◆ Problem requirements
Beginning with the line that holds "為什麼貓狗結紮後就變胖了呢？", write out each line exactly as it stands until the end of the data, and include no pictures.

◆ Short web captions
[Start of section]
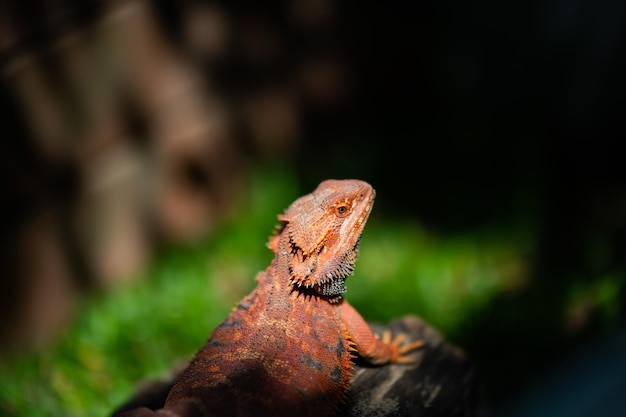 Bartagame auf Boden mit unscharfem Hintergrund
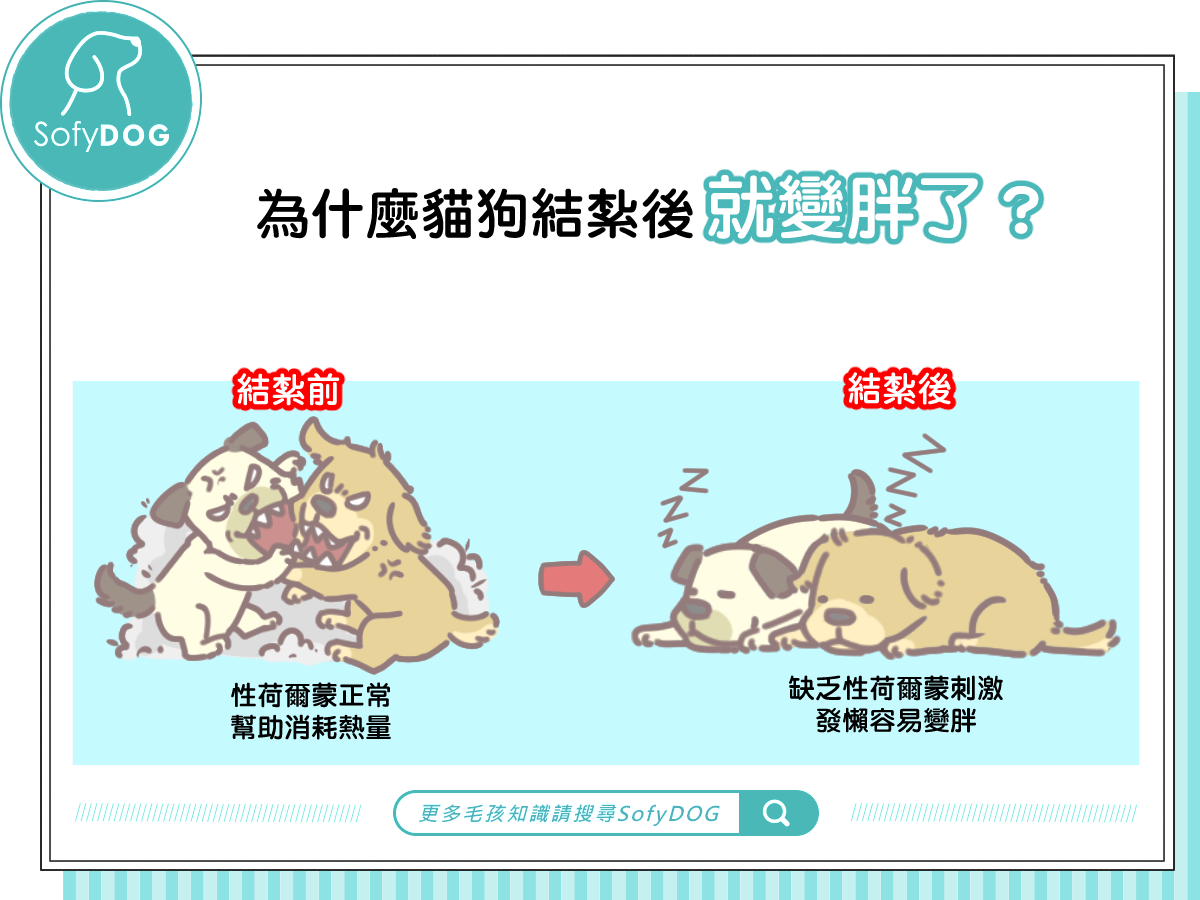 為什麼貓狗結紮後就變胖了呢？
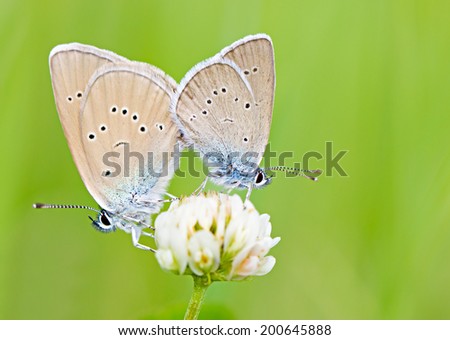 Macro two blue butterflies mating on the white flower against green background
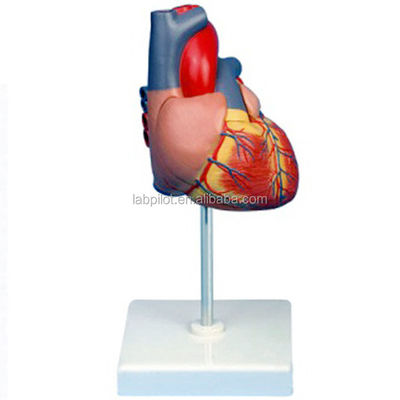 Mensenleven Grootte Vergroot volwassen hart 3D-model voor Anatomie en Fysiologie Onderwijs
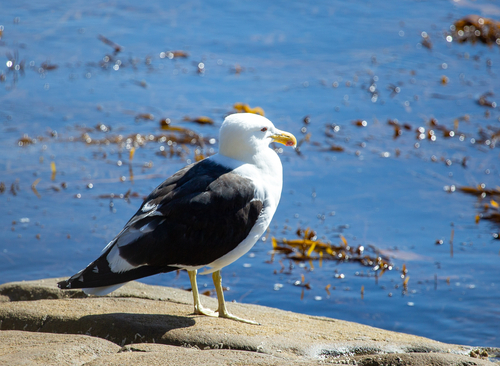 iNaturalist image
[End of section]
◆ Solved problem
 為什麼貓狗結紮後就變胖了呢？
 Macro two blue butterflies mating on the white flower against green background
 Mensenleven Grootte Vergroot volwassen hart 3D-model voor Anatomie en Fysiologie Onderwijs
 iNaturalist image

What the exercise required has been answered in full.